To test to see if the sheep will eat the hay I sometimes give them a spare bale to have a munch on. So far, they have partaken of what I have offered them. Not sure if they will like the new hay bales though. They are more strawy in texture. Need bedding though. They will do for that.
Am up early this morning. Up at the crack of dawn, only dawn has not arrived yet. Thought I would get a quick blog posted, just to let you know that we are still here. Spend most of the day out on the field or browsing through borrowed music books, or music sites, on the Internet. Seems like music is starting to play quite a part in our lives. Hubs wants to get his violin mended, and wants to get a guitar, banjo and mandolin. I have an electric keyboard and a bodhrum (small drum) but would like to learn to play a squeeze box. I always used to play only classical pieces back in the UK, on my piano, which was left there. Had a keyboard, which I used to play in an old church out on Sheppey Marshes (in Kent) which didn't have any electricity. For a while I played on an old pump action organ, but the peddling action to get the air into that organ used to puff me and the organ out so we would both be wheezing at the end of the hymn, hence the purchase of that keyboard. Didn't play it much in the UK though, but it has come into its own here, now I am without a piano. I was sad to leave the piano behind, but it would not have survived out here, but having been forced towards the keyboard has also made me leave behind the classical music. It would seem that I am moving towards daft songs, like 'I'm forever blowing bubbles', and folky type songs plus Irish and Celtic. Life continues to surprise me. I never thought I would be singing either. Did a solo verse of The Old Oak Tree the other day in an old church which had the most fascinating tromp d'oill ( don't how to spell it, but it is when something is painted in a 3D effect, in this case it was the huge ceiling and by crikey it was a marvel to look at). Anyway I sang a verse, and surprised myself that I could actually do it. I keep surprising myself. At 65 I find that a fascination too, that I am constantly doing things which I have never done before. Coming to France has given me that. Thank goodness we came. Thank goodness we took the plunge. And God bless Hubs who still has to spend many hours at his PC so does not have the time to discover his hidden selves but hopefully in time he will be able to do so.

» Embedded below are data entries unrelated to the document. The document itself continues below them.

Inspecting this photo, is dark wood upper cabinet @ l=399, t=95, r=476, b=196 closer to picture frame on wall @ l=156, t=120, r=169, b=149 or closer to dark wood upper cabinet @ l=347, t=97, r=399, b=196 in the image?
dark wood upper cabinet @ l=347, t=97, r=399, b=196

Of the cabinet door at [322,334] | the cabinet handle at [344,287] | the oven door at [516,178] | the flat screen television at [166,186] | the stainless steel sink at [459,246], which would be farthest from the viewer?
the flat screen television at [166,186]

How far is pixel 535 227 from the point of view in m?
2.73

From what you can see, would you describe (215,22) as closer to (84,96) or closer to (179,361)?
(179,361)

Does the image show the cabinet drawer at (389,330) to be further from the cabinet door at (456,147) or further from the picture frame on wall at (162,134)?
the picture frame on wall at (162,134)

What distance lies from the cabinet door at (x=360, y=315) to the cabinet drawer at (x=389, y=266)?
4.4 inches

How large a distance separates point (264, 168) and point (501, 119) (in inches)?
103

Anyway, I have rambled on. Snakes. In the field. There aren't any. But there might be. When it is bright and sunny I am not so aware of the awareness that there might be snakes. But last night I was out as the day started putting itself to bed, determined to try to get the far corner of the field cut before I put the scythe and myself to bed. It was tough going. I am still working with a 40cm bush scythe which is not recommended to cut grass with because it is made of too thick a metal, but it is the only one we could buy locally so it has to do until my new blade arrives. The grass slides beneath the blade if it is not in the correct position, that is the problem, so I am cutting about 95% of the grass, making the recently cut field look like it is sprouting a sparse beard. Oh well, I'm doing my best.
Anyway, snakes. So, like I was saying, I was out in the far corner. The sheep seem to have given up with going over as far as that. The grass is lush. Whoopppeee! Should manage to get some decent hay off it. However, snake-thoughts started easing themselves into my mind as I scythed my way into the thickness. But I so wanted to get the corner finished. But I didn't. My feet seemed to steer me and my scything action in a different direction, which was out towards much thinner grass stems. So I gave up for the day, taking pleasure in thwacking some tall 'ready to flower and then to seed' thistles along the way. Thistles are 'pricklies'. Anything can grow here, but not pricklies. They are thwacked.
Anyway, must close now. Dawn has come and I must go.